Late in the fourth quarter with the game on the line, Rams cornerback Nickell Robey-Coleman unloaded on Saints receiver Tommylee Lewis long before the ball arrived. Not only should it have been a pass interference, but an additional flag for a helmet-to-helmet hit should have been thrown.
The referees instead kept all of their yellow laundry in their respective pockets, the Saints were forced to settle for a field goal with plenty of time remaining on the clock instead of just a few second and the Rams would ultimately tie the game and win in overtime.
The NFL all but acknowledged the bad call however, fining Robey-Coleman $26,739 for an illegal hit earlier this week.
The frustration over the snafu was felt far beyond just the Saints’ locker-room as players around the league voiced their displeasure with the no-call and a season-long string of poor officiating.

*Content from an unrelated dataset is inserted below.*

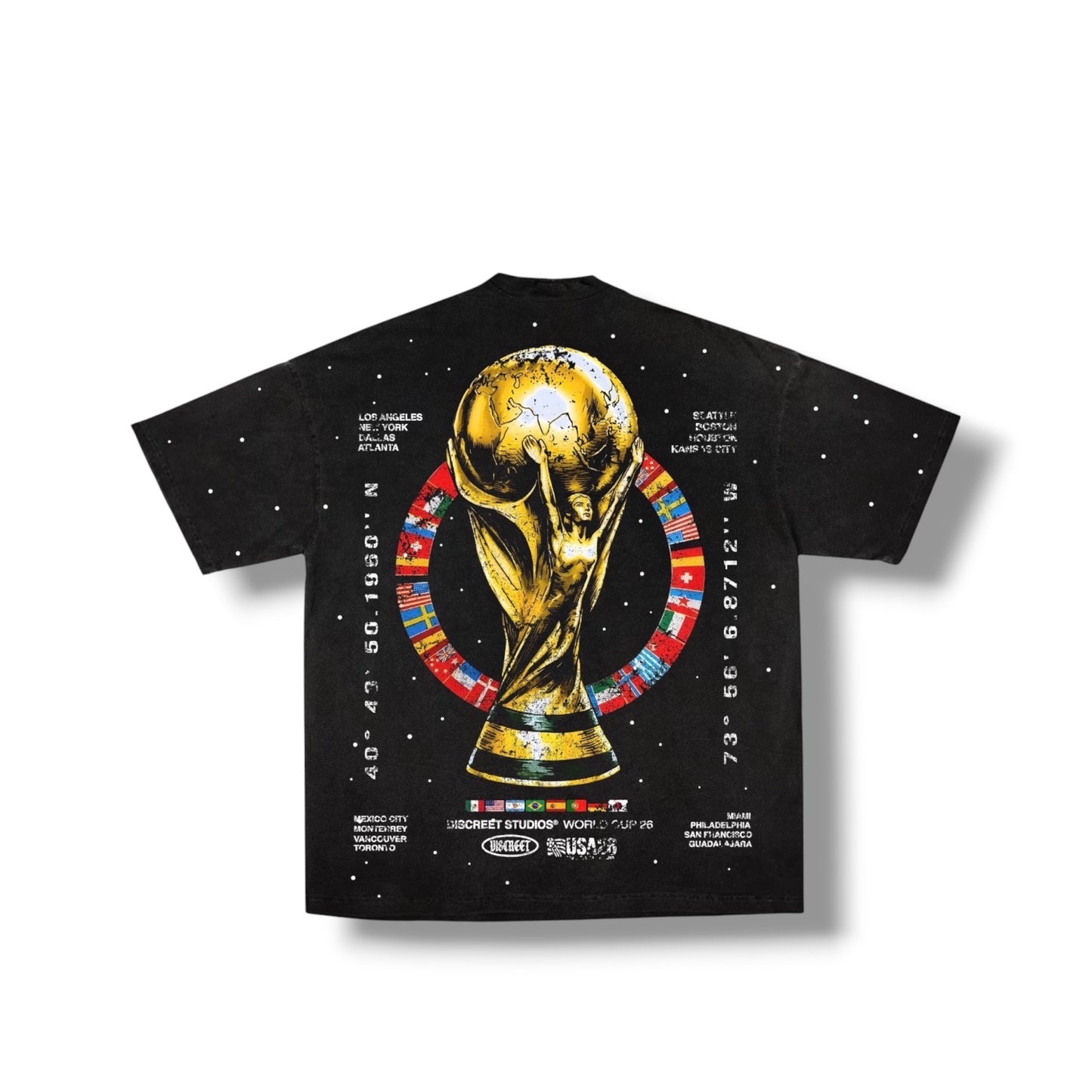 Discreet World Cup Tee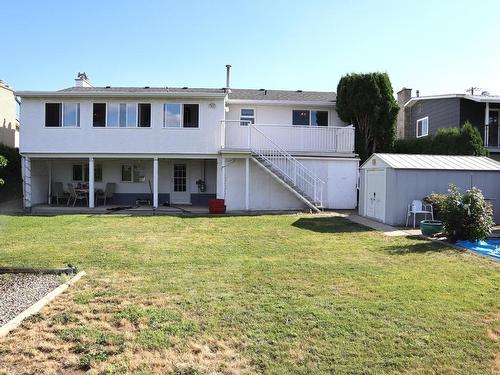 898 Lethbridge Ave, Kamloops, BC - Outdoor With Deck Patio Veranda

At his first ever Pro Borl, Giants safety Michael Thomas spoke up and said he’d like to see some more accountability from the NFL and its officiating crews.
“Honestly, full speed, I was like, ‘He kind of got there early, but it was bang-bang,’” Thomas said via the Associated Press. “You slow it down, clearly he got there early. I was like, ‘Ohhh.’ It looked way worse when you slowed it down.
“We’ve been calling for — players, coaches, fans — for replays for pass interference calls anyway. There’s a bunch of times they throw it on DBs and we feel like we’re in great position. I think you just make all those major calls like that reviewable and just got from there.”
The Washington Post reports the league will discuss the possibility of making pass interference calls and non-calls reviewable during league meetings, but that’s been on the docket previously and dismissed.
Human error will always be a part of the game and that’s something most can accept, but as the instances of human error not only rise league-wide but actually begin to determine the outcome of games, it’s no longer acceptable and must be addressed by the NFL.